**SOURCE DATA:**
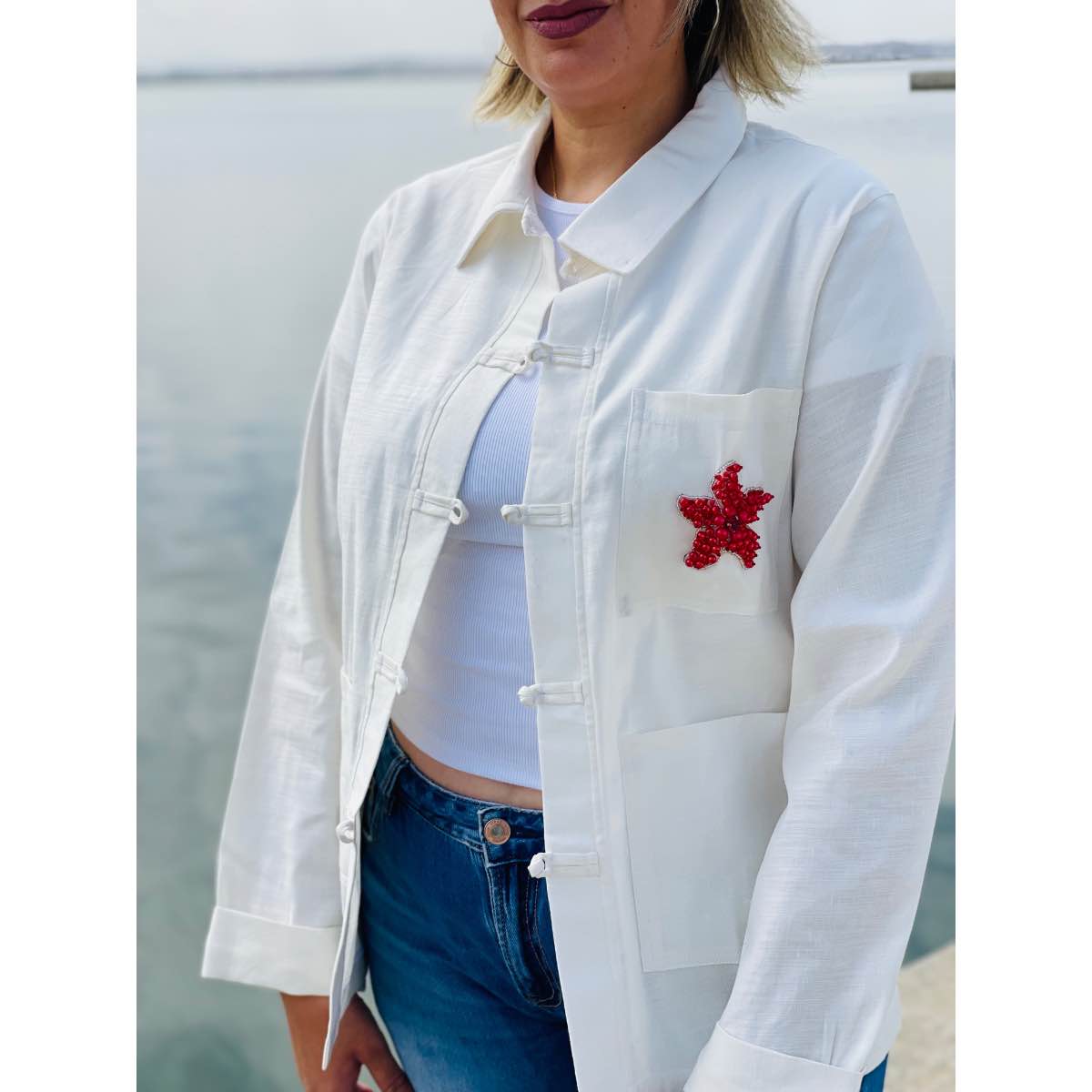 Veste brodée en lin blanc artisanale unique pour un style chic
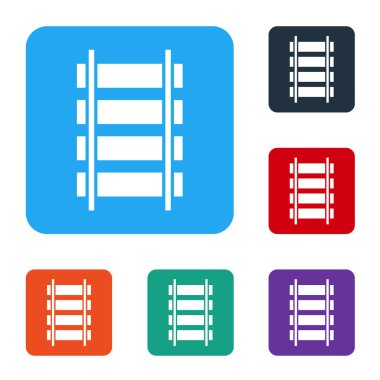 Beyaz Demiryolu, beyaz arka planda izole edilmiş demiryolu ikonu. Renkli kare düğmelerle simgeleri ayarla. Vektör İllüstrasyonu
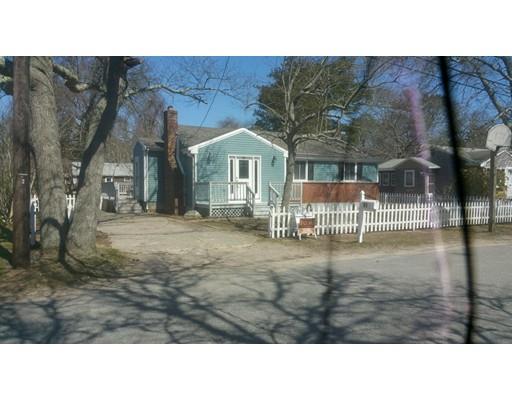81 Fearing St, Buzzards Bay, MA 02532 photo 2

**WHAT NEEDS TO BE DONE:** Restate all of the data word for word and include no pictures.

**RESPONSE TO THIS TASK:**
 Veste brodée en lin blanc artisanale unique pour un style chic
 Beyaz Demiryolu, beyaz arka planda izole edilmiş demiryolu ikonu. Renkli kare düğmelerle simgeleri ayarla. Vektör İllüstrasyonu
81 Fearing St, Buzzards Bay, MA 02532 photo 2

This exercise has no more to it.